■ **Aim of the exercise**: Apart from the pictures, which must be omitted, restate the data exactly.

Top of Data records

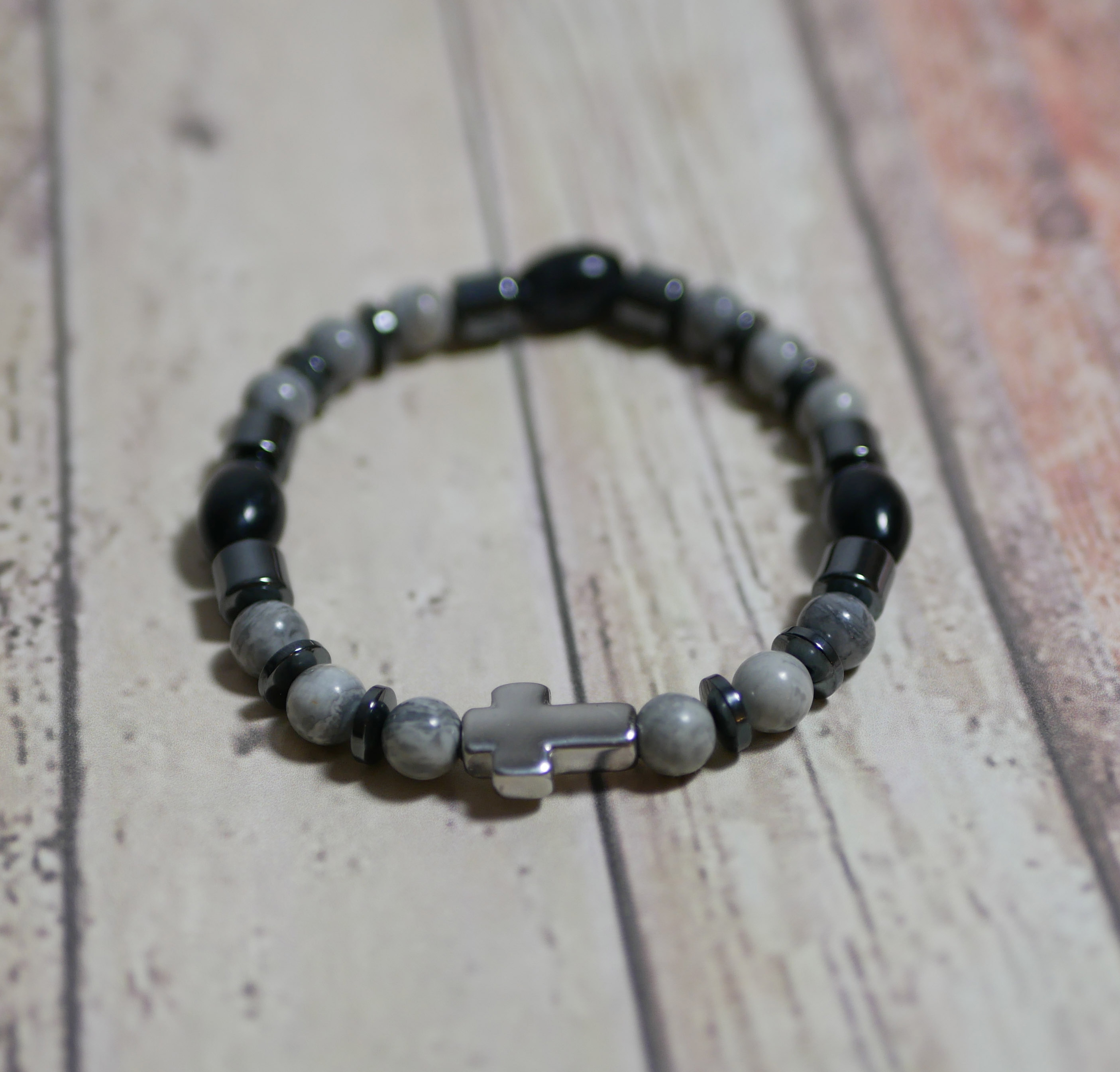 Pulseira masculina em cruz, hematite e pérolas cinzentas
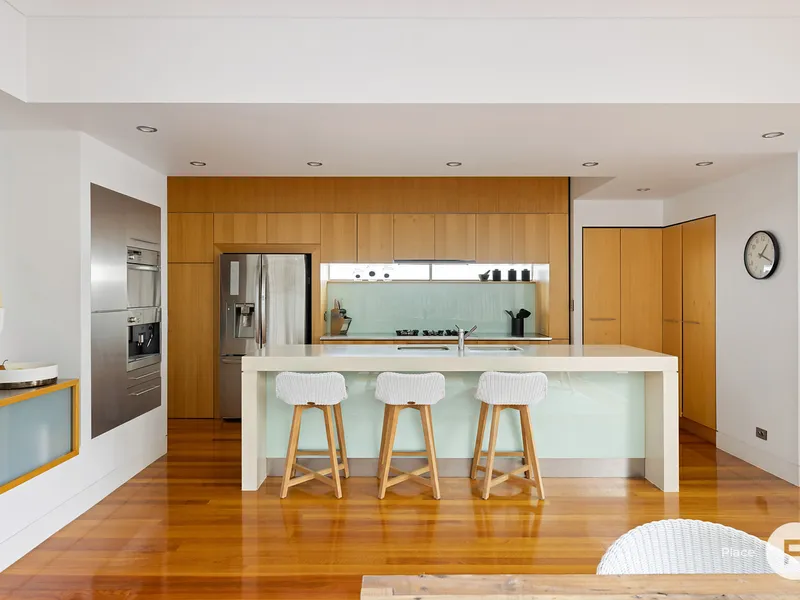 ARCHITECTURALLY DESIGNED MODERN FAMILY HOME IN HAMILTON
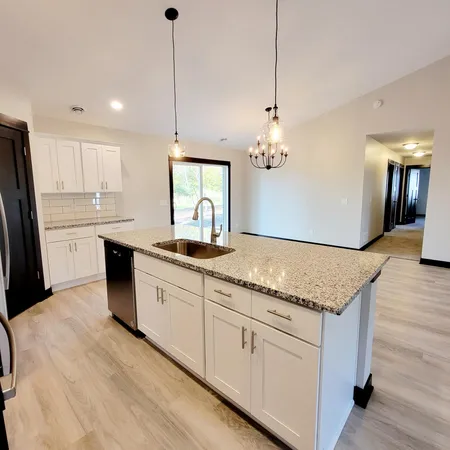 $339,900 | 1066 Cullen Street, St. Peter, MN 56082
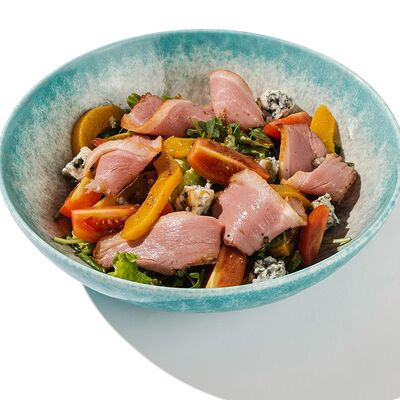 С уткой и персиками в Песто Тесто по цене 690 ₽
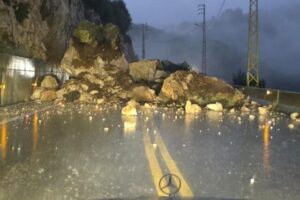 انهيار صخور على طريق مكرا- لحفد!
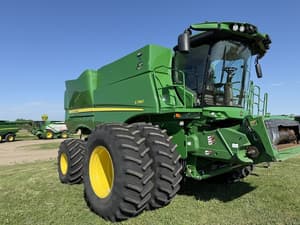 2022 John Deere S780 Image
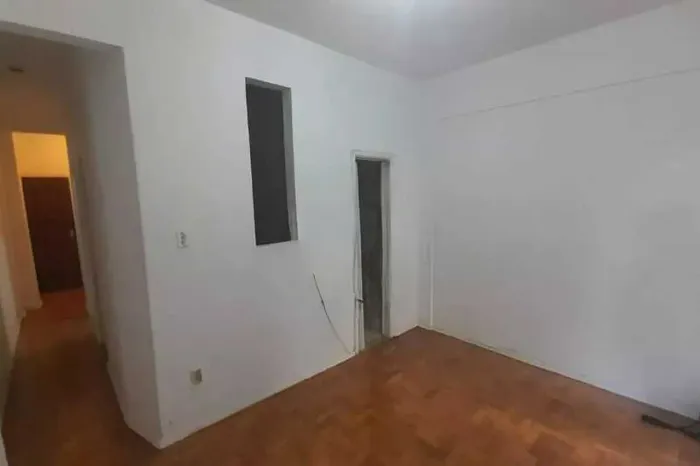 Apartamento : / Residencial / Glória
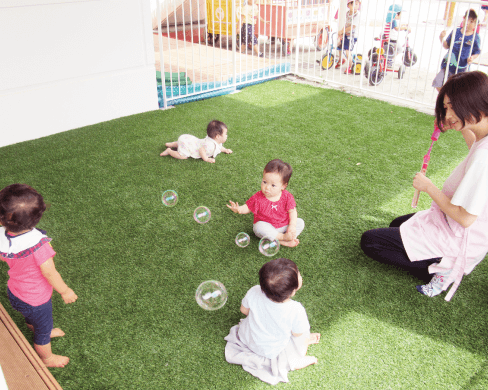 くりの木保育園０歳児専用園庭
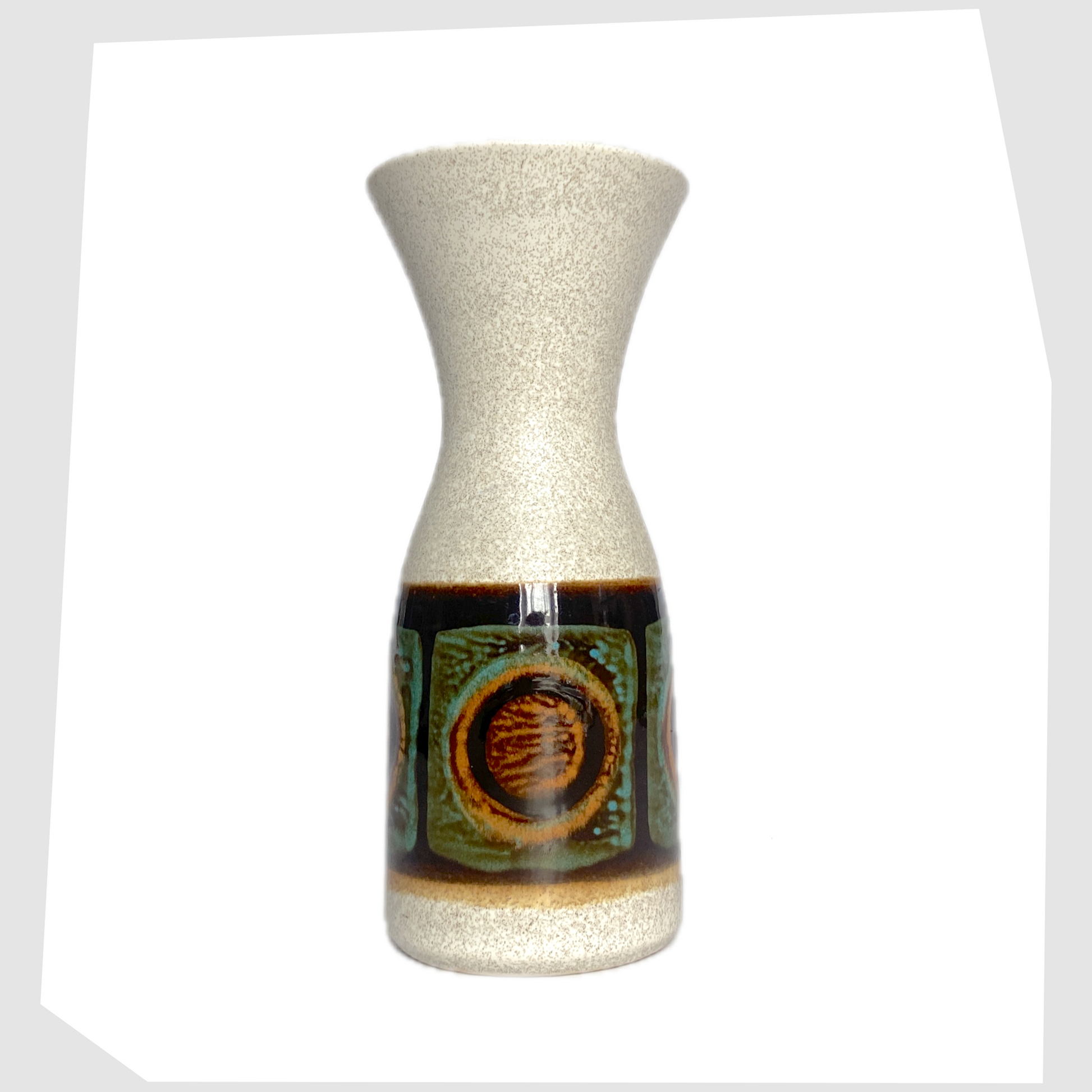 dumler-and-breiden-hand-painted-vase-with-amber-and-green-circles-pattern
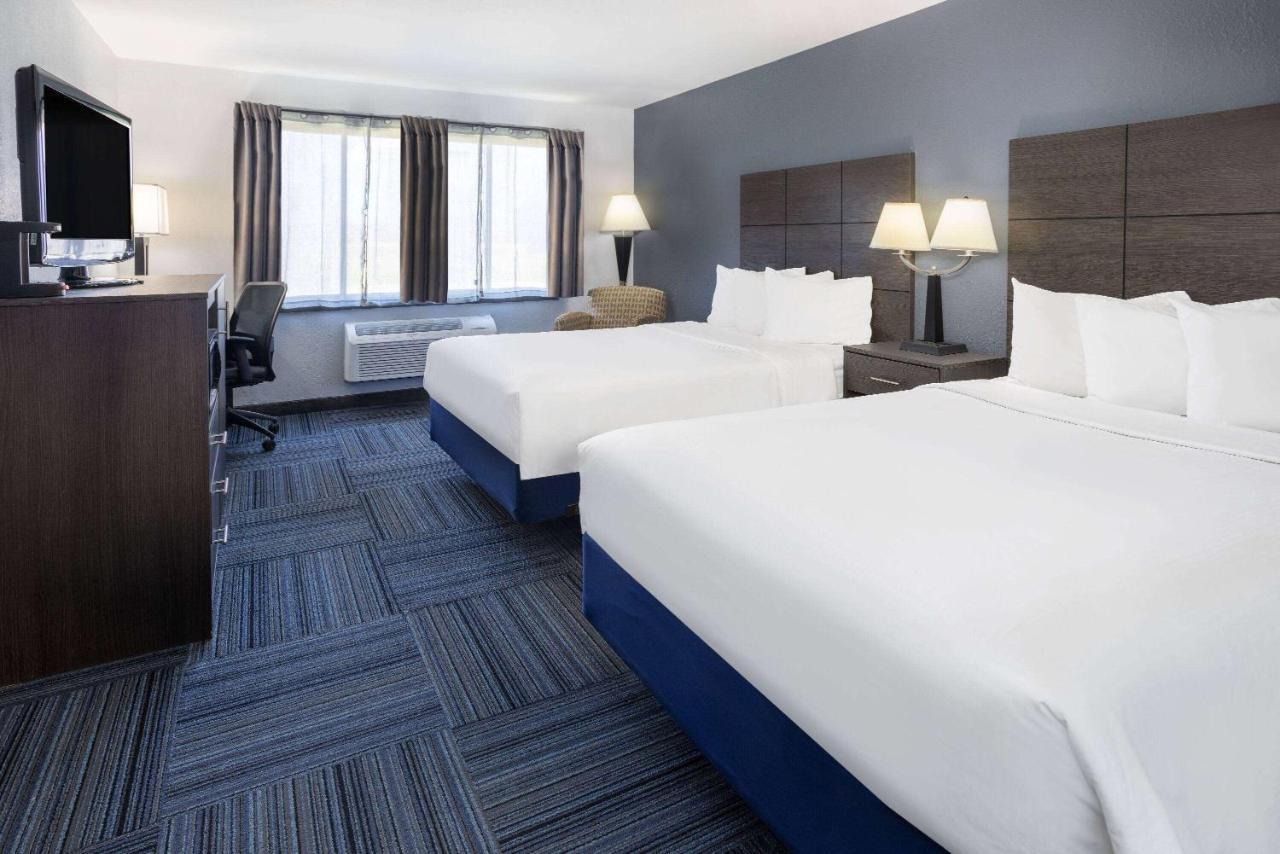 Baymont By Wyndham Appleton Hotel Bagian luar foto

Bottom of Data records

■ **Result of the exercise**:
 Pulseira masculina em cruz, hematite e pérolas cinzentas
 ARCHITECTURALLY DESIGNED MODERN FAMILY HOME IN HAMILTON
 $339,900 | 1066 Cullen Street, St. Peter, MN 56082
 С уткой и персиками в Песто Тесто по цене 690 ₽
 انهيار صخور على طريق مكرا- لحفد!
 2022 John Deere S780 Image
 Apartamento : / Residencial / Glória
 くりの木保育園０歳児専用園庭
 dumler-and-breiden-hand-painted-vase-with-amber-and-green-circles-pattern
 Baymont By Wyndham Appleton Hotel Bagian luar foto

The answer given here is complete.